This entry was posted in History on by .

So a few weeks back, philanthropist Charles Bronfman decides to start a contest to find the next “Big Idea” in Judaism. The winner needs to “produce a major work in the English language that aims to change the way Jews think about themselves and their community.” He or she will received a two-year professorship at Brandeis (with a competitive salary) to teach and develop the idea as well as a prize of $50,000 to promote the work.

“The contest is patterned on one held by Sears Roebuck chairman Julius Rosenwald in 1929, who offered $10,000 for a book answering the question “How can Judaism best adjust itself to and influence modern life?” The result was Mordechai Kaplan’s seminal work, Judaism as a Civilization, which became the foundation of the Reconstructionist movement.”(MORE)
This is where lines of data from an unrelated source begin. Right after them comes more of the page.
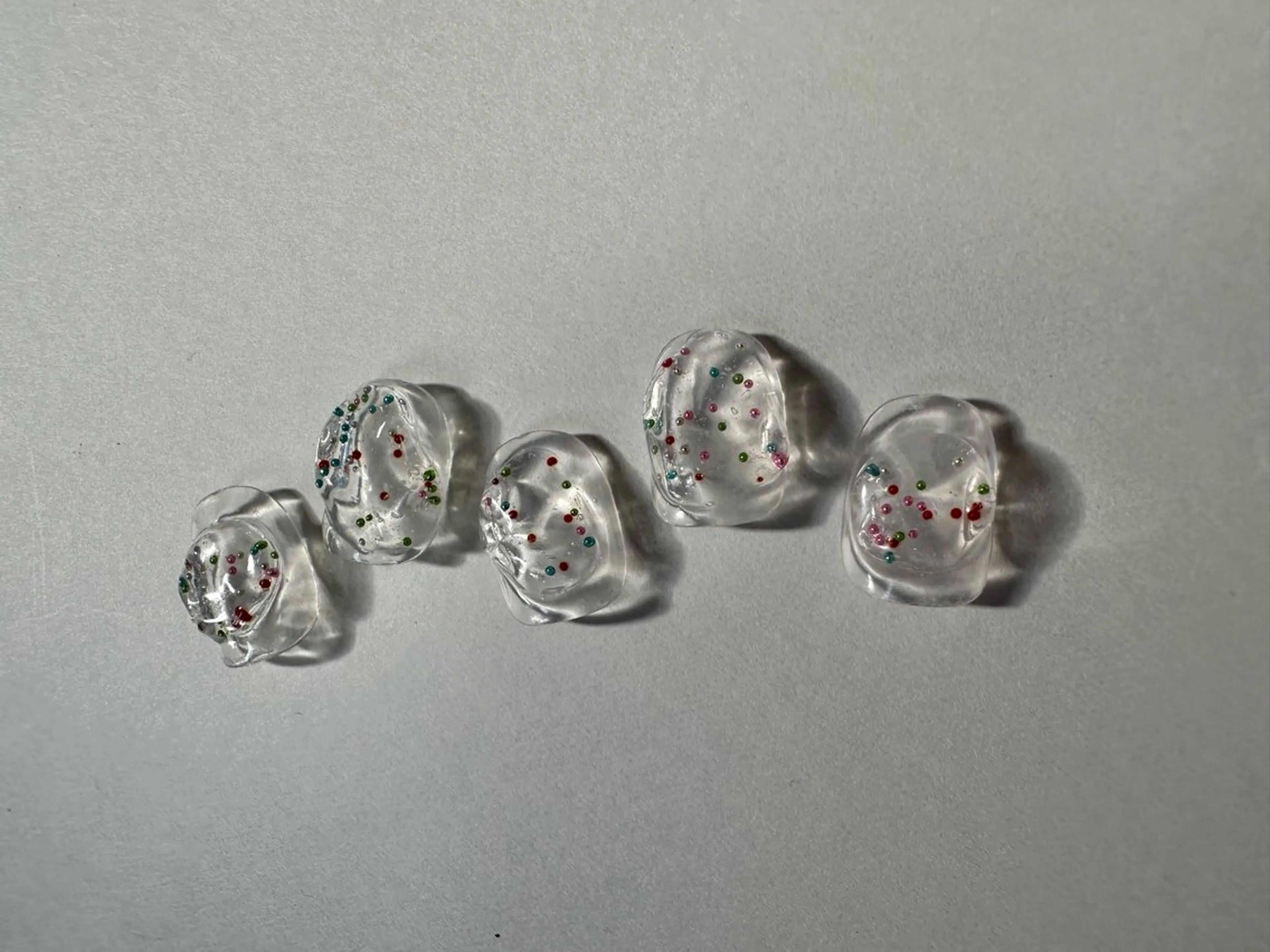 シンプルネイルMの写真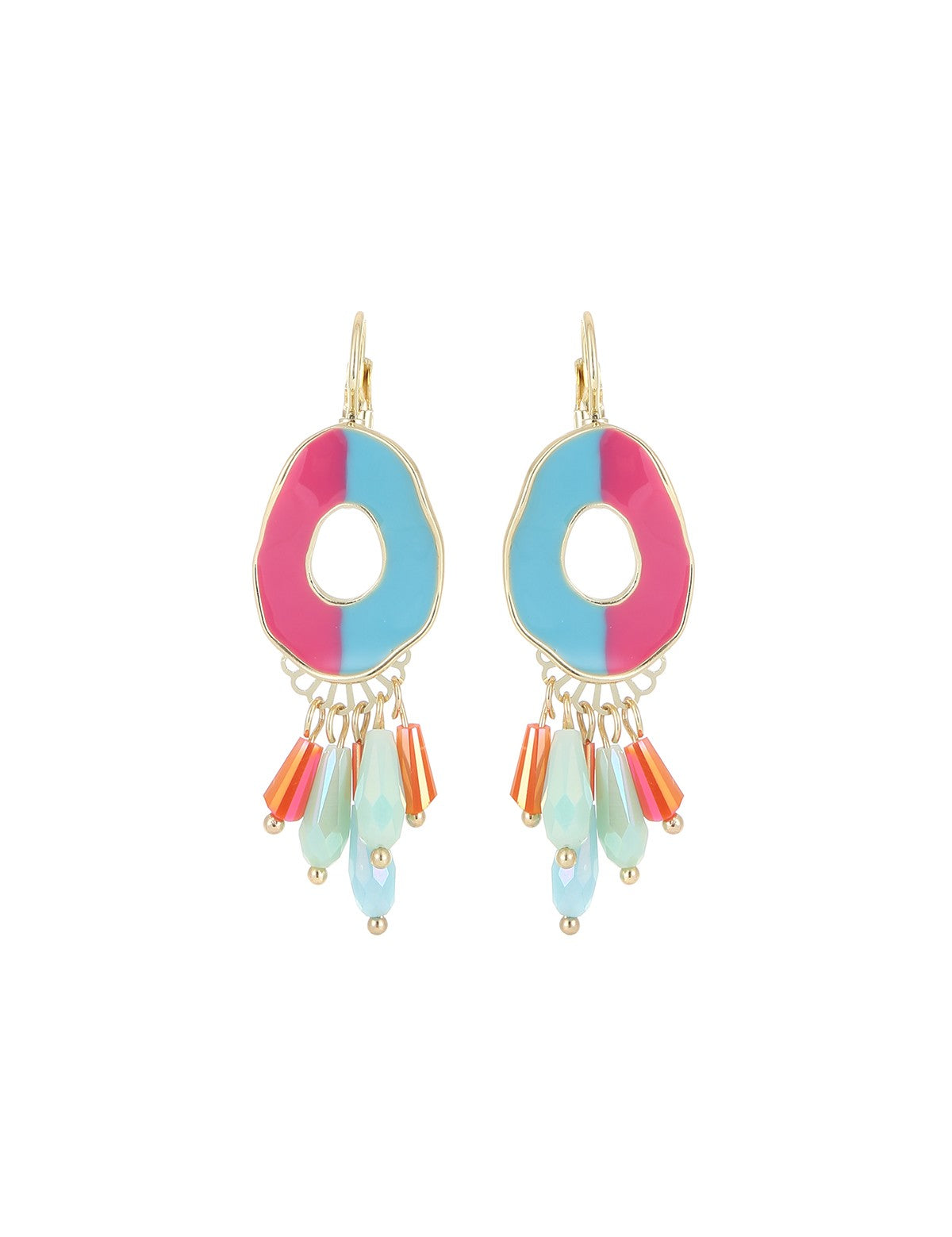 Boucles d'oreilles 20PEBOL036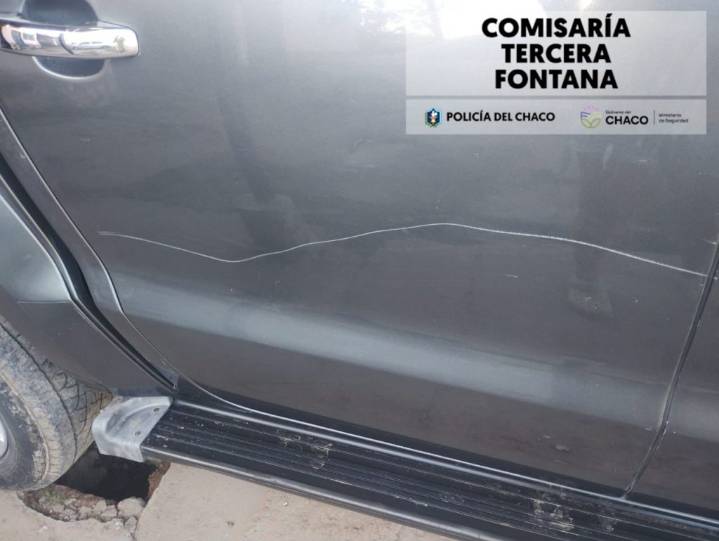 FONTANA: Recuperan Una Moto Y Detienen A Un Hombre  Por Desobediencia Judicial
But last week, Bronfman said the contest is not going how he expected it to:

For example, one person suggested a new Braveheart movie with a Jew as the central character.

The response came from one of many Jews busy wracking their brains to become the recipient of the six-figure sum to be granted to the winner of the competition.

Bronfman is not happy with the quality of these responses, and says they are a result of a distortion and misunderstanding.

“It got all screwed up,” Bronfman said, who spoke along with Jeffrey Solomon, president of the Andrea and Charles Bronfman Philanthropies, in a recent interview with The Jerusalem Post. (MORE)

So how does a mega-philanthropist fix his own contest? How about winning it himself.

In that same interview, Bronfman described his vision for the Jewish community without a federation system:

In place of the bureaucratic body, Bronfman suggested a “very small body” of “very intelligent” executives who come together around two to three national objectives – and that’s it. The rest he would leave to the individual communities. (MORE)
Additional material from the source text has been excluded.